According to a U.S. Securities and Exchange Commission filing, Strategy held more than $50 billion of bitcoin at quarter-end and bought 4,871 bitcoin between April 1 and April 5 for about $330 million, at an average price of roughly $67,700 per coin. Those purchases were funded through sales of Class A common stock and at‑the‑market sales of the company’s so‑called Stretch preferred shares, the filing said. Bitcoin traded near $70,000 on Monday before trimming gains.

The company’s accounting choices are amplifying headline swings in results. Strategy adopted accounting standards last year that require changes in the fair value of its bitcoin holdings to flow through earnings, meaning unrealized price moves generate multibillion‑dollar swings in quarterly profitability. The steep price slide pushed the value of the company’s holdings below their average purchase price — reported at more than $75,000 per bitcoin by quarter‑end — producing the large unrealized loss.

Although the bitcoin markdown dominated the quarter, Strategy reported a $2.42 billion deferred tax benefit, and maintains a cash reserve of about $2.25 billion, which the company says is enough to cover interest and distributions for more than two years. Nevertheless, sustaining the firm’s capital‑intensive model depends on bitcoin appreciating faster than the company’s growing financing costs and obligations compound, analysts say.

Strategy has shifted its approach to funding bitcoin purchases as market conditions evolve. At times when the company’s shares traded at a premium to the underlying value of its holdings, it issued common stock to finance further bitcoin buys. With that premium largely gone and capital markets tighter, executive chairman Michael Saylor has increasingly leaned on the firm’s Stretch preferred securities introduced in 2025. Those perpetual preferreds — part of a program the company last month said could include up to $21 billion of common stock and $21 billion of perpetual preferred shares offered through open‑market sales — carry an 11.5% annual yield that resets monthly and are designed to maintain a $100 par value.

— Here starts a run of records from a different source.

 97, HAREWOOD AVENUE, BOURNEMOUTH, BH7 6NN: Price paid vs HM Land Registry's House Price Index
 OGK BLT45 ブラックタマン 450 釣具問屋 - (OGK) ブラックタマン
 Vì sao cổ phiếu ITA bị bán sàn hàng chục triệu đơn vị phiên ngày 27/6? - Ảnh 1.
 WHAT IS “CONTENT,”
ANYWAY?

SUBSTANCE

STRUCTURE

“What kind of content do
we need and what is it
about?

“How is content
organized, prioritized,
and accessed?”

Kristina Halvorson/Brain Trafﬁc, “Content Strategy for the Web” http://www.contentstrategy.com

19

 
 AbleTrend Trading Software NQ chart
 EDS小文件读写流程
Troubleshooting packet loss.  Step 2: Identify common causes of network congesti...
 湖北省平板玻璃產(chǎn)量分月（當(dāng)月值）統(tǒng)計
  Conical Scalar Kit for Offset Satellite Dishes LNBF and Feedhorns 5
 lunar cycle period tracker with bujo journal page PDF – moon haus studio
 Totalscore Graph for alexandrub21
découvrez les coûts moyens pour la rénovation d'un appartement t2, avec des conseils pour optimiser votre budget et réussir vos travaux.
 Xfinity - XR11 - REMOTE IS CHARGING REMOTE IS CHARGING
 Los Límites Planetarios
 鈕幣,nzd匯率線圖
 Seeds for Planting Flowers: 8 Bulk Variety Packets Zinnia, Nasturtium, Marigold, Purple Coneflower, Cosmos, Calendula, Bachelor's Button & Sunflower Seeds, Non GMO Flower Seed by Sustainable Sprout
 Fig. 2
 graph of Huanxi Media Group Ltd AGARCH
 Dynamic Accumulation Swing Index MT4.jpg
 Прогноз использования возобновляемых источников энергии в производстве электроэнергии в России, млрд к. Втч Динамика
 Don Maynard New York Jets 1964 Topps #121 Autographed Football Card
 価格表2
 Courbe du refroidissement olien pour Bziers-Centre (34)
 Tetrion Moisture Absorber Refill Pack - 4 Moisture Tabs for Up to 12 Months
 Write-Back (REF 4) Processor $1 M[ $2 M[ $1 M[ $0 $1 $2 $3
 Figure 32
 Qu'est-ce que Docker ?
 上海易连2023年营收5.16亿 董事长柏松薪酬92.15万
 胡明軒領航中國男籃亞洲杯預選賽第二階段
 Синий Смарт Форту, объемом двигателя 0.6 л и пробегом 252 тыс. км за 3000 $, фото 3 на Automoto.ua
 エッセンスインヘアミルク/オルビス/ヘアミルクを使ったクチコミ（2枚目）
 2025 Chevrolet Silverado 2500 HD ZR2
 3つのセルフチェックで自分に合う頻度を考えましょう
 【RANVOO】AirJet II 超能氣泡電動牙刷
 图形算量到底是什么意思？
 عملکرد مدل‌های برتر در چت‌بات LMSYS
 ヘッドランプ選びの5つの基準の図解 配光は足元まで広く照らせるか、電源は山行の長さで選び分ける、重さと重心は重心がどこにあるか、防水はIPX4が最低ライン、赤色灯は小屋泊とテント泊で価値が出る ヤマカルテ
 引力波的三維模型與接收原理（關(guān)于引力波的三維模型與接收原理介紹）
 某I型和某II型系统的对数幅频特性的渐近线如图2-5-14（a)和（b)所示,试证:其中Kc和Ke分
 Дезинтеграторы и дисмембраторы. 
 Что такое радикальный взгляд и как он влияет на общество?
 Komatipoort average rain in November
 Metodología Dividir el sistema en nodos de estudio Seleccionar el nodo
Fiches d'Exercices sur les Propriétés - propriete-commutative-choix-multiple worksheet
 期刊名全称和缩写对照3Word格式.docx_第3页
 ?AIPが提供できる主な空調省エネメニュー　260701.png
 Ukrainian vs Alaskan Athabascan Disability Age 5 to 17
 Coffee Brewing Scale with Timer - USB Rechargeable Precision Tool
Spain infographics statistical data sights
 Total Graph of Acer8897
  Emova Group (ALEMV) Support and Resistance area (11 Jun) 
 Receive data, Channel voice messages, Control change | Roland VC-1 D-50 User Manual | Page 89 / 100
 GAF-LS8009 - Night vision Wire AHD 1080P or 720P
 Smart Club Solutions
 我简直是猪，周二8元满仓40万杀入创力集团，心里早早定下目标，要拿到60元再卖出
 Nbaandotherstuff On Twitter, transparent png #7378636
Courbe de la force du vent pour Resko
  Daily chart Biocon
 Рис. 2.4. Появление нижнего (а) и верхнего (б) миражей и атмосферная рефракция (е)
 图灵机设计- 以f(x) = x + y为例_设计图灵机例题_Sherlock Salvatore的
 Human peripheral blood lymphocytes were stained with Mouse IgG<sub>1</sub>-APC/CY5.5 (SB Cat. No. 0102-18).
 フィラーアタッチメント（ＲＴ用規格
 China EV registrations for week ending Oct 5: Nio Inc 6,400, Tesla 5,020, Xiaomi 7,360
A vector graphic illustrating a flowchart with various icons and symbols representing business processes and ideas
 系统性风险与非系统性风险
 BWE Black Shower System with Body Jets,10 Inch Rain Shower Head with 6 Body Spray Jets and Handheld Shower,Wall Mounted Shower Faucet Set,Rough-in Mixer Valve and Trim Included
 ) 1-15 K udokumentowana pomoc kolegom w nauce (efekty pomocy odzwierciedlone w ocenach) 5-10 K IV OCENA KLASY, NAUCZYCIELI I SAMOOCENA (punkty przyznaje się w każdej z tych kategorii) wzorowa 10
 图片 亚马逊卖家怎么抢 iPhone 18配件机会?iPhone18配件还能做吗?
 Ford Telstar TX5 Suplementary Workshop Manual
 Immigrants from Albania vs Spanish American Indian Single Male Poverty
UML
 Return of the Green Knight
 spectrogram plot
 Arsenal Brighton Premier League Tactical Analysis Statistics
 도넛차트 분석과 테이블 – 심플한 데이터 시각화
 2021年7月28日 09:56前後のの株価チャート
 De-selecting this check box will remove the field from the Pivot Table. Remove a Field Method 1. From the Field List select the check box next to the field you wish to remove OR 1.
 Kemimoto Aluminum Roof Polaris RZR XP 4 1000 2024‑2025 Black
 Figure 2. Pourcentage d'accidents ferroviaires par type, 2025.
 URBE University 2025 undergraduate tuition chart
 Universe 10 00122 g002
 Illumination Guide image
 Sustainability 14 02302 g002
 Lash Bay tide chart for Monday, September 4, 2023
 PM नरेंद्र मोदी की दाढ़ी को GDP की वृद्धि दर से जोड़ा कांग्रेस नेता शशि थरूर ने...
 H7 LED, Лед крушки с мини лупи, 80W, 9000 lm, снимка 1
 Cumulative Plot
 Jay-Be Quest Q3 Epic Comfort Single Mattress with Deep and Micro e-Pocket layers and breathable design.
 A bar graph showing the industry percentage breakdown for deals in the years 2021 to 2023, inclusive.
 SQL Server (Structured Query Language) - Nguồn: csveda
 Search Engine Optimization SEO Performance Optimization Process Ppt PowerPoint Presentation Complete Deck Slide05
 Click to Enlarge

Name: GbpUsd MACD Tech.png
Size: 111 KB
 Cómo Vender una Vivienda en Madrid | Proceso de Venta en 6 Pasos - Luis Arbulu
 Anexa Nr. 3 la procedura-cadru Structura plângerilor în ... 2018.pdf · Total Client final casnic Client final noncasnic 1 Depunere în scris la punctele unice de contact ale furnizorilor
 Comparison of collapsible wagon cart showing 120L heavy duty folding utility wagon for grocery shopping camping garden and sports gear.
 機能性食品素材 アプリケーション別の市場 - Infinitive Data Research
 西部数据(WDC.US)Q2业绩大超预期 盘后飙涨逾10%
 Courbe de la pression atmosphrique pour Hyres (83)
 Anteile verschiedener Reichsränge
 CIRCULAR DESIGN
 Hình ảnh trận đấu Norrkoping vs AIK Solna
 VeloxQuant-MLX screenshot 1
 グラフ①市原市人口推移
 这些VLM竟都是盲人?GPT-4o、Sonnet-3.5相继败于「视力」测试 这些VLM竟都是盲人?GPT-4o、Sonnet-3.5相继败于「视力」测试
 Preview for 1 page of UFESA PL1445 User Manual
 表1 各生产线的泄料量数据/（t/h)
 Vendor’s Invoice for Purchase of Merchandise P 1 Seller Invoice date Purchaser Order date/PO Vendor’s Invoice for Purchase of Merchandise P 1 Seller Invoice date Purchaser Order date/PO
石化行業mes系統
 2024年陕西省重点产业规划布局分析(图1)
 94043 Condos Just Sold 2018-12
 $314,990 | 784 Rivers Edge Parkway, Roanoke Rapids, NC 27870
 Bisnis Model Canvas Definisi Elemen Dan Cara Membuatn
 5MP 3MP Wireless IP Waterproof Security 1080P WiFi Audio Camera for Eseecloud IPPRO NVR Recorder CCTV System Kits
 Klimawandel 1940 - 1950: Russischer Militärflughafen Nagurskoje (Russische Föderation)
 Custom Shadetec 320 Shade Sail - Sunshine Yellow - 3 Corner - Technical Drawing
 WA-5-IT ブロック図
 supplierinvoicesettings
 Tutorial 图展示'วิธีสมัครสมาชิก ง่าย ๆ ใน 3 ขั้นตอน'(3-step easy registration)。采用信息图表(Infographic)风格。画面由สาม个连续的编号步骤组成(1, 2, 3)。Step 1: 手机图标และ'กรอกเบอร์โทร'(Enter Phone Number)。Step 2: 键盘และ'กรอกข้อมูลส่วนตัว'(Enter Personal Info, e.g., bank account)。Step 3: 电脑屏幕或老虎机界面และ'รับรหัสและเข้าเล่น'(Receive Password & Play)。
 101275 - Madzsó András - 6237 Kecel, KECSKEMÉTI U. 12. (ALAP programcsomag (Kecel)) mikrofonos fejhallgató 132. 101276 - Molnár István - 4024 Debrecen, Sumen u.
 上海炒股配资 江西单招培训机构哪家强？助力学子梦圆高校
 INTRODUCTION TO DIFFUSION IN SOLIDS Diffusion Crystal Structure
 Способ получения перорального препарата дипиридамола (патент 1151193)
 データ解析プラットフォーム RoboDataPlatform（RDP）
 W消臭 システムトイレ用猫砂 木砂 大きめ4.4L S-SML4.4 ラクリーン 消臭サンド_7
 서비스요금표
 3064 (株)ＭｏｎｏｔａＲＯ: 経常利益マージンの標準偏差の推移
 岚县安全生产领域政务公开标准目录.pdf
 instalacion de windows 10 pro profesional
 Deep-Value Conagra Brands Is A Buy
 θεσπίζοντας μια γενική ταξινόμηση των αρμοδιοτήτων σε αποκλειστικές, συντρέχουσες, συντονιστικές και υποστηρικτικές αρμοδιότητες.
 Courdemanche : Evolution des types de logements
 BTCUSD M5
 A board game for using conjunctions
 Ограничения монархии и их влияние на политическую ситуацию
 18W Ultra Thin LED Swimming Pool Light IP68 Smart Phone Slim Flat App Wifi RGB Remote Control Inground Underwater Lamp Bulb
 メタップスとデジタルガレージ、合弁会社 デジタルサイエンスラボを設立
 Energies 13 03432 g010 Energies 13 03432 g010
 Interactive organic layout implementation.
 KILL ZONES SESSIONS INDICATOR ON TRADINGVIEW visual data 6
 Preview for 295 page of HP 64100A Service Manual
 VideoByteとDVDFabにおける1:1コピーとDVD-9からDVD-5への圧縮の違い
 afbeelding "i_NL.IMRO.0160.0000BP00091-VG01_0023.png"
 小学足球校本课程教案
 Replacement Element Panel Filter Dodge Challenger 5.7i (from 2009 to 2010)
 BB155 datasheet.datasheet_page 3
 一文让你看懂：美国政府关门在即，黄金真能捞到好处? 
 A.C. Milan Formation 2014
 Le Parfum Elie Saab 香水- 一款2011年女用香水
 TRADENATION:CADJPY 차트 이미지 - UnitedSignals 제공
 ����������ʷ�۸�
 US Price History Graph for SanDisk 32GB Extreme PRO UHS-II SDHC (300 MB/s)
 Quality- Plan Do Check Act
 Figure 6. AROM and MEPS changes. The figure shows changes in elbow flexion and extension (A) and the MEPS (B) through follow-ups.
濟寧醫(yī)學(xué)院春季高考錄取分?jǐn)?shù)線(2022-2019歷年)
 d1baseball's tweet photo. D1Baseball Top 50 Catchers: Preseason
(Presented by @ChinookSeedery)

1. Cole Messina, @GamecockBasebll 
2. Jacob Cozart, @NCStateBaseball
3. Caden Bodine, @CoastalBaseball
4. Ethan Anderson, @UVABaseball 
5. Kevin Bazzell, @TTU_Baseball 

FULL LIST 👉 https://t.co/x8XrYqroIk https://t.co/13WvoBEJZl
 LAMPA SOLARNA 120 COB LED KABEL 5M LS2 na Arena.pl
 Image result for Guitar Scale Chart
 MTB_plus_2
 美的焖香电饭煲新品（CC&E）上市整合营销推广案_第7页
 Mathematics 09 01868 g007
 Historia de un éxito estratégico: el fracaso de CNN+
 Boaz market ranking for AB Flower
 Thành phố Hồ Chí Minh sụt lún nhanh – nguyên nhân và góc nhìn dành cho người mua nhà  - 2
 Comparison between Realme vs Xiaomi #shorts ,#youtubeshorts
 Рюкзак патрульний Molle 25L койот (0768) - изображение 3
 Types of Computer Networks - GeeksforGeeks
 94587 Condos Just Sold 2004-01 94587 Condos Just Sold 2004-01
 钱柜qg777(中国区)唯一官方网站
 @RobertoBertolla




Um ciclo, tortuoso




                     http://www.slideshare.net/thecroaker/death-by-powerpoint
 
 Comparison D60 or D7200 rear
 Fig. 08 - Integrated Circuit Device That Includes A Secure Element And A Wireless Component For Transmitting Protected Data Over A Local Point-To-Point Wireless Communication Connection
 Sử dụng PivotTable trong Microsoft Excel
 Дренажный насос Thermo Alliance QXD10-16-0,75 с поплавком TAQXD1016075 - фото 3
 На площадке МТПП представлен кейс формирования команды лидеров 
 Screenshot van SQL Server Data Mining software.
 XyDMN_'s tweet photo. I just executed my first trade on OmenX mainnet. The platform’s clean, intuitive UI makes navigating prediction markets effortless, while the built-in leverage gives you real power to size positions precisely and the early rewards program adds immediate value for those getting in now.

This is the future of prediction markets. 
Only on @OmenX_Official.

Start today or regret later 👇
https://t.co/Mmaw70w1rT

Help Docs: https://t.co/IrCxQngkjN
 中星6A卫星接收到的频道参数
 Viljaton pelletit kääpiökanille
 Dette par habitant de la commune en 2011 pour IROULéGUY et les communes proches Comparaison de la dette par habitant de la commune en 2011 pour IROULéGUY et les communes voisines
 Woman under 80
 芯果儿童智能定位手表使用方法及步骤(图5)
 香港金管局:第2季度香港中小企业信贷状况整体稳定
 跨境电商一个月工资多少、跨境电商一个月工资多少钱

Issuing preferreds allows Strategy to avoid immediate dilution of common shareholders but adds fixed financing obligations. The trade‑off underscores the risk in the company’s repeated play: selling securities to buy bitcoin only works if the digital asset’s future gains outpace the costs of financing those purchases. The latest filing shows Strategy is continuing to pursue that strategy even as volatility returns to crypto markets.